Au moins un million de Sud-Coréens possèdent un tatouage, mais cet art corporel n’est légal que lorsqu’il est effectué par un professionnel de la santé. Les tatoueurs sont vénères.
Junhyup Kwon
Seoul, KR
LA CORÉE DU SUD EST LE SEUL PAYS DÉVELOPPÉ OÙ LE TRAVAIL DES TATTOO ARTISTS EST ILLÉGAL. PHOTO : VICE
South Korea is the only developed nation where tattoo artists’ work is illegal. Photo: VICE

LA CORÉE DU SUD EST LE SEUL PAYS DÉVELOPPÉ OÙ LE TRAVAIL DES TATTOO ARTISTS EST ILLÉGAL. PHOTO : VICE

SÉOUL — La Cour constitutionnelle de Corée du Sud a confirmé fin mars l’interdiction du tatouage, une décision qui a frustré les nombreux tatoueurs et amateurs de body art dans le pays.

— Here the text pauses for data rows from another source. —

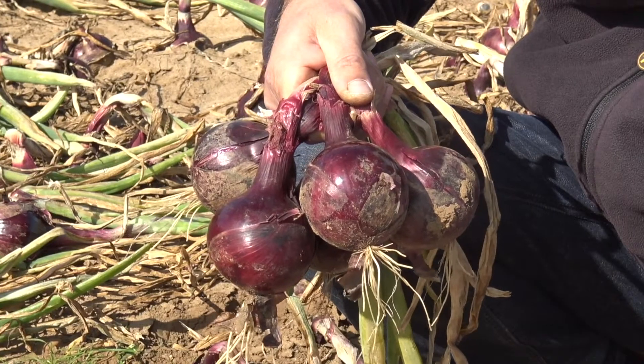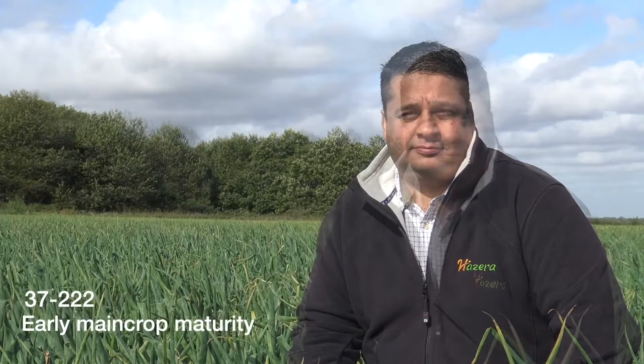37-219 is very early in maturity. It's as early as the earliest spring-drilled red onions available on the market, but it also combines long-term storability. This is a real game-changer for red onion growers as it gives them complete flexibility in their production, and the variety is so early that there is even the potential that it could compete with red set production.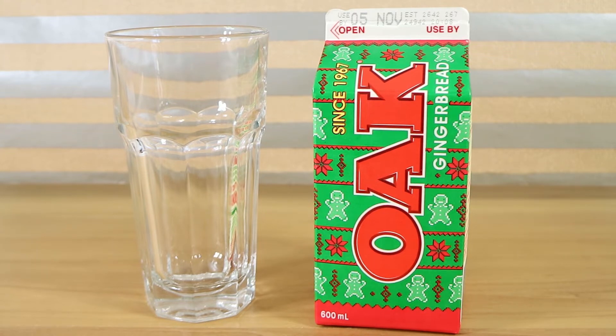Good morning, good afternoon and good evening. I'm here with my spiced wife Laura and I'm here with my gingerbread man husband Nathan, and we're here for the brand new Oak gingerbread oat milk flavour milk.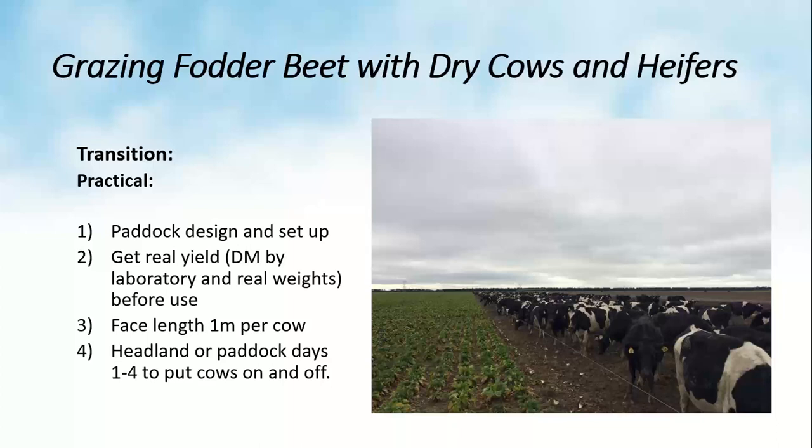The second key component of transition is understanding crop yield. You cannot allocate properly without knowing it, and yield varies tremendously within most paddocks. Yield assessment must be done properly and thoroughly — I refer you back to the first webinar for methods. Use real dry matter measurements rather than estimates from previous years or neighbours, as dry matter can vary a lot and significantly affects your allocation. Mixed-age dairy cows are by far the most susceptible livestock class to transition problems.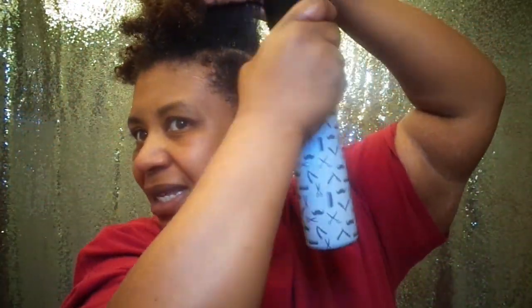Aloe vera juice is really good for your hair. It gives it that pH balance that it needs, it helps with growth, it helps with moisturizing, and it is also good to drink. So I am working in the aloe vera juice.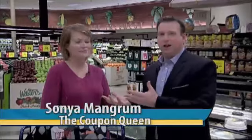We're at Bilo in Cleveland, getting ready to save you big bucks when it comes to grocery shopping. I've got the coupon queen, Sonya Magrum, joining us now to talk all about saving some great cash when it comes to shopping. You've got your bag ready, full of coupons. Those at home that are watching, what are some of those first steps to get ready to do shopping like this?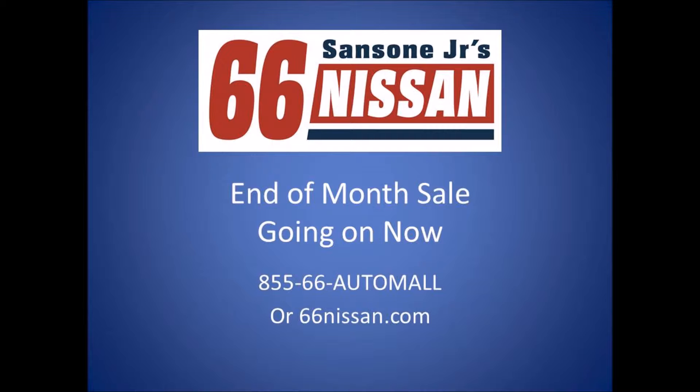Shop 66Nissan.com during the biggest end-of-month sale in our history. Right now, every Nissan in inventory is discounted hundreds, even thousands, and no reasonable offer will be refused.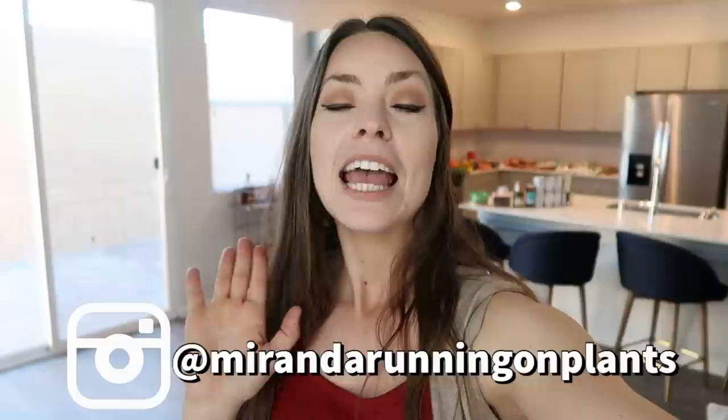Hey beautiful people, welcome back to another video! Today I'm going to share a grocery haul and a cook with me, where I'll share two simple, easy 10-minute recipes. This is a huge grocery haul — at least huge for me, because I typically spend around $50 per week on groceries. I spent a total of $125, shopped at three stores, and I'm anticipating what I bought to last us three weeks.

Pendant des années, les tatoueurs Sud-Coréens ont cherché à contester une loi autorisant uniquement les professionnels de la santé à pratiquer cette procédure, affirmant qu’elle faisait d’eux des criminels. Mais suite à un vote de 5 contre 4, le tribunal a jugé que la législation était constitutionnelle, confirmant la Corée du Sud comme le seul pays développé où le travail des tatoueurs est encore une activité illégale. D’après le verdict, les tatoueurs n’ont pas les qualifications médicales nécessaires pour traiter correctement leurs clients avant et après la procédure. Un syndicat regroupant quelque 650 tatoueurs a condamné cette décision.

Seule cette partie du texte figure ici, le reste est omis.